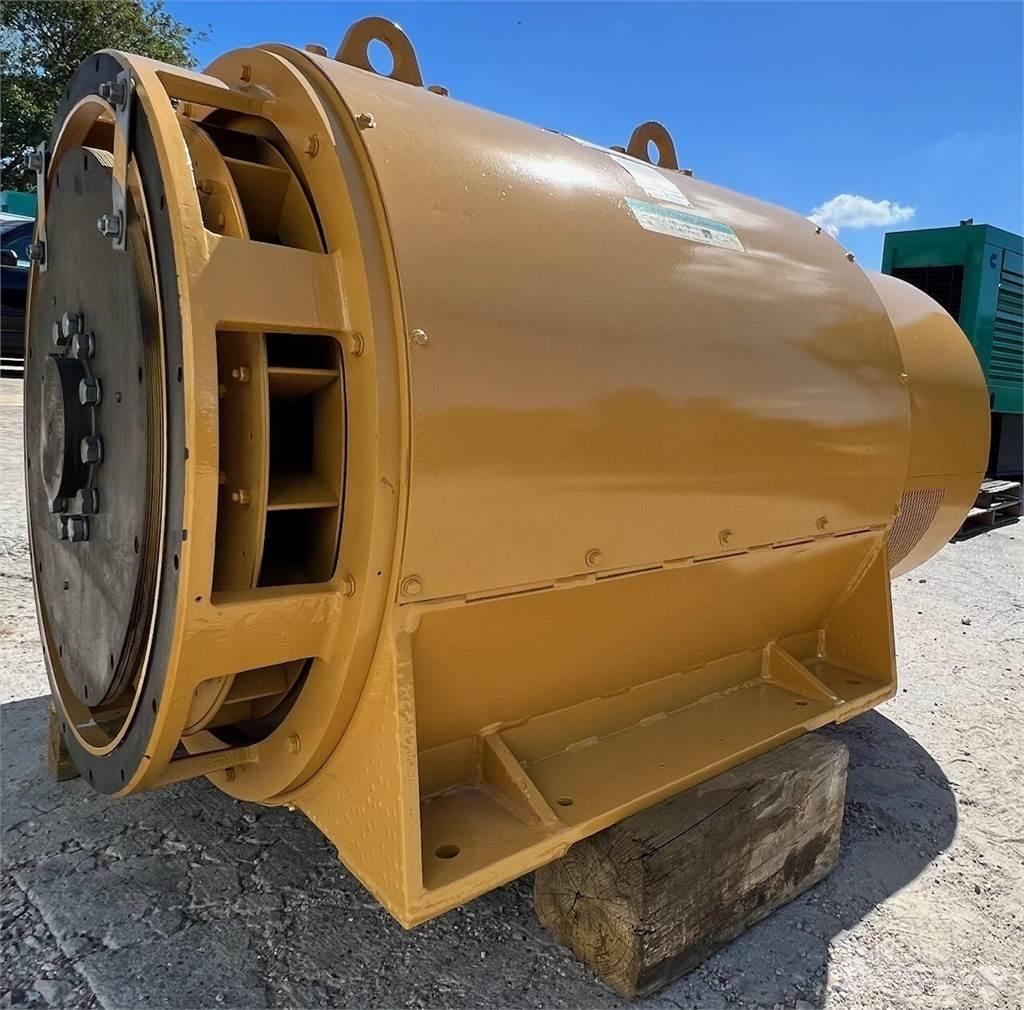 Kato 800kW Diğer Jeneratörler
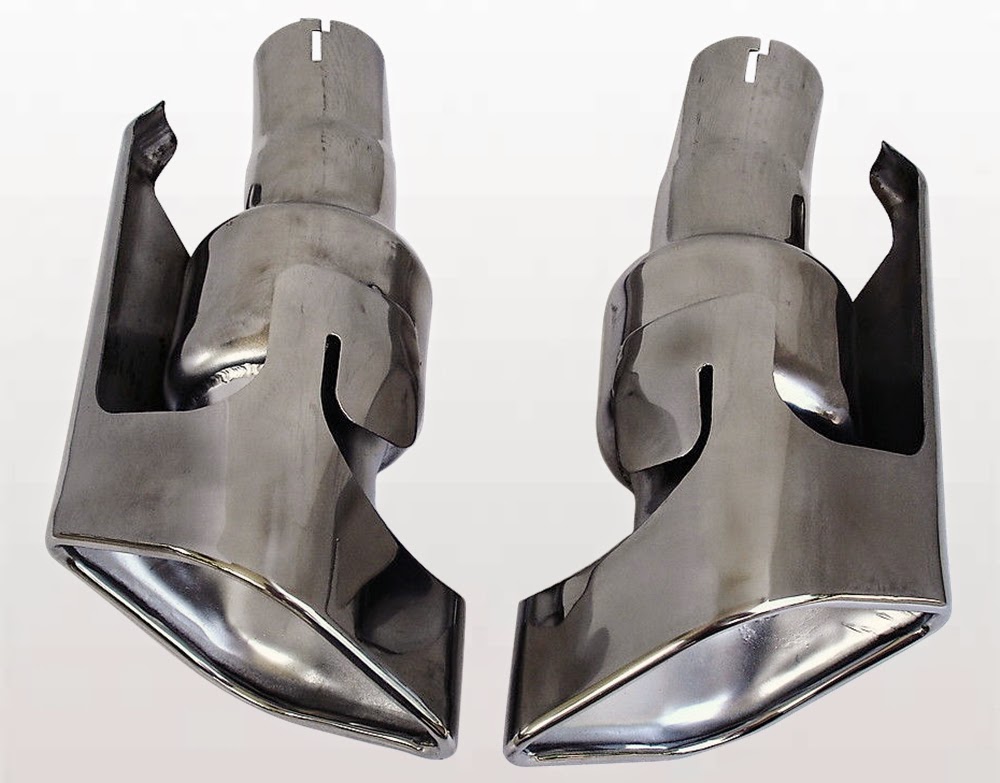 Guangzhou Shizun Auto Parts Co., Ltd. How to Install a Muffler Tip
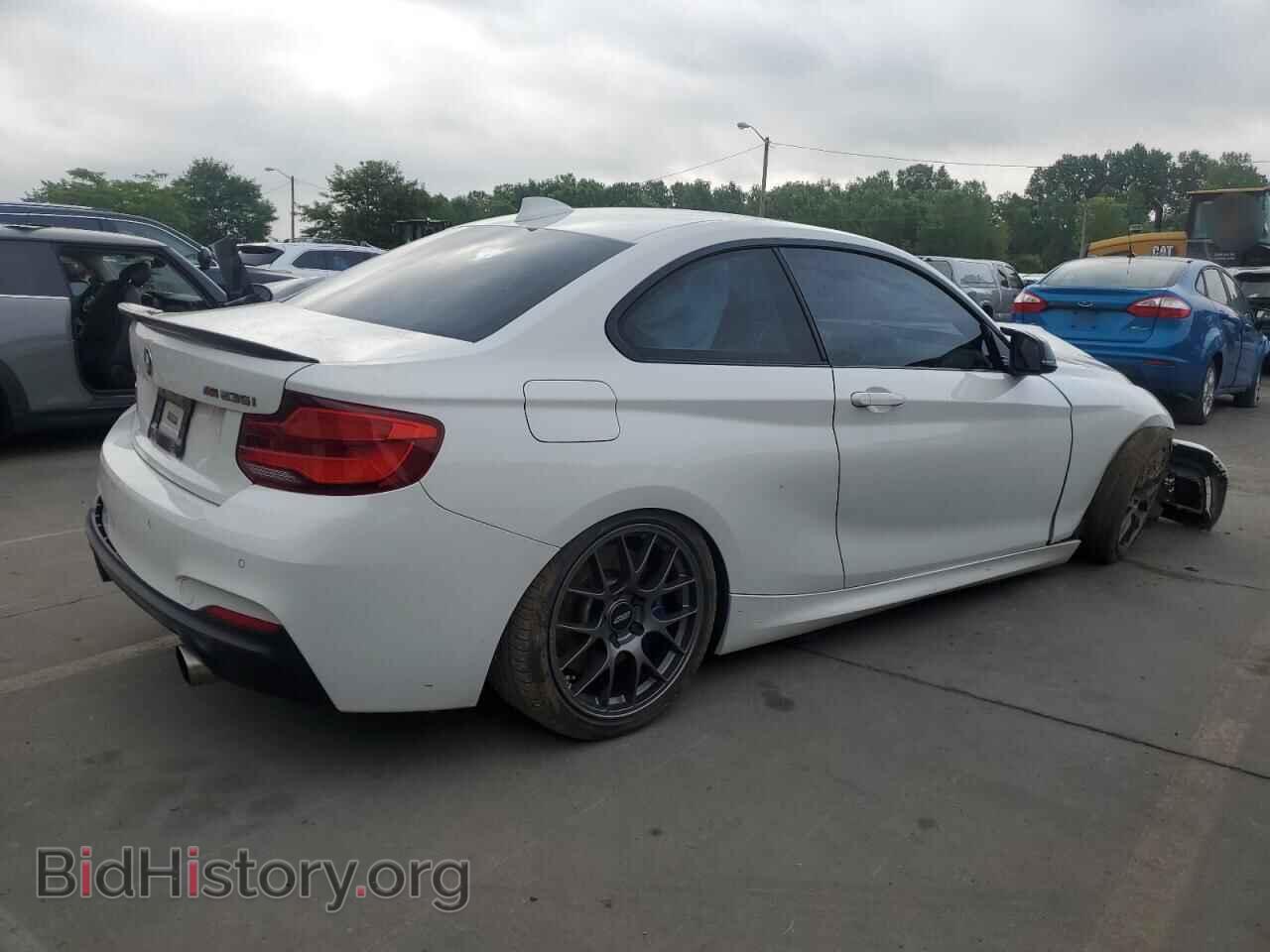 2016 BMW M2 - VIN: WBA1J7C54GV359279 - Фото 3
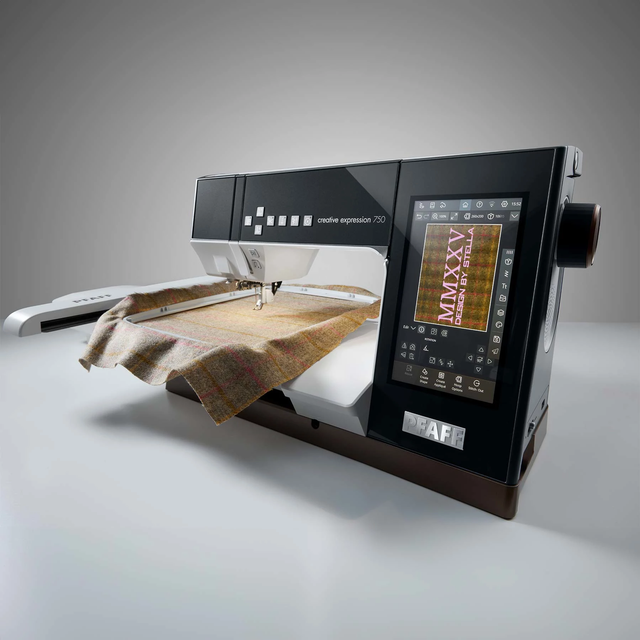Hoop Scanning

- _Work instructions_
Set down exactly the lines between the one with "2016 BMW M2" and the last line of the material above, both included, but none of the pictures.

- _Solution_
 2016 BMW M2 - VIN: WBA1J7C54GV359279 - Фото 3
Hoop Scanning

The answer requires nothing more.